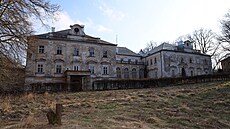 Zámek Hlubo� - letní sídlo prezidenta T. G. Masaryka. Od roku 2017 jej vlastní...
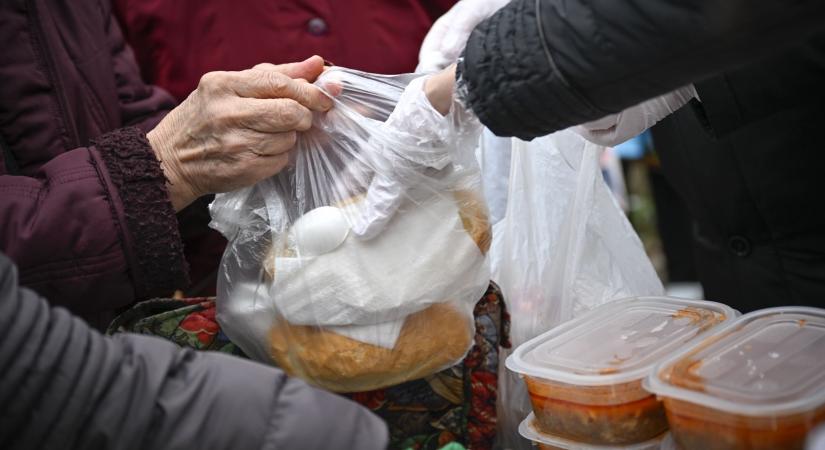 A balta és egy gázspray is előkerült a borsodi ételosztáson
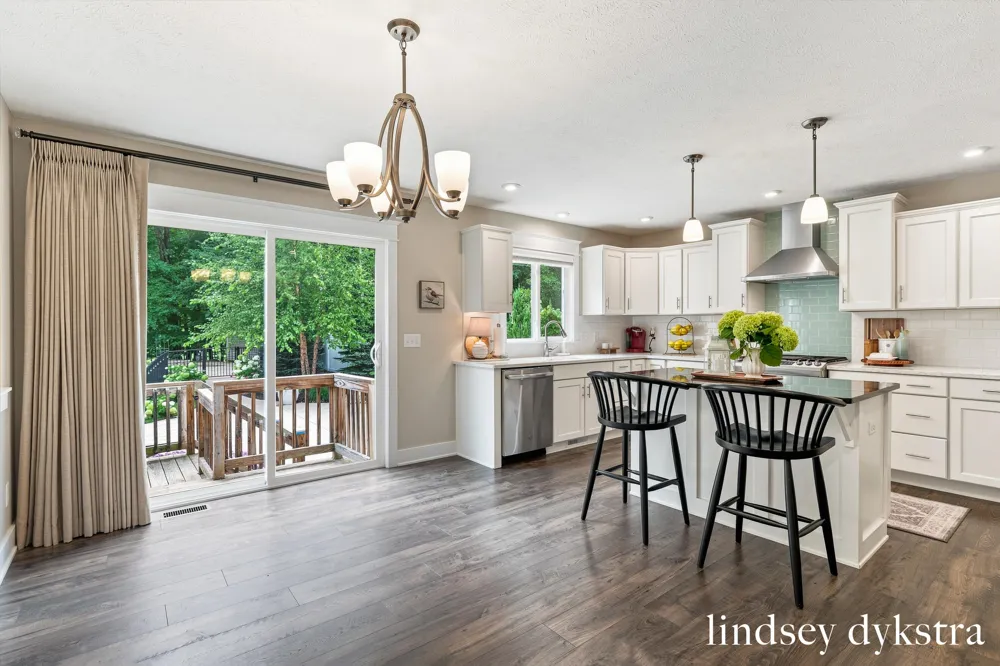 4238 Oak Timbers Drive NE Plainfield Charter Township, MI 49525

- Exercise requirements
Extract the full listing above verbatim; pictures are to be left out of the copy.

- Exercise response
 Zámek Hlubo� - letní sídlo prezidenta T. G. Masaryka. Od roku 2017 jej vlastní...
 A balta és egy gázspray is előkerült a borsodi ételosztáson
 4238 Oak Timbers Drive NE Plainfield Charter Township, MI 49525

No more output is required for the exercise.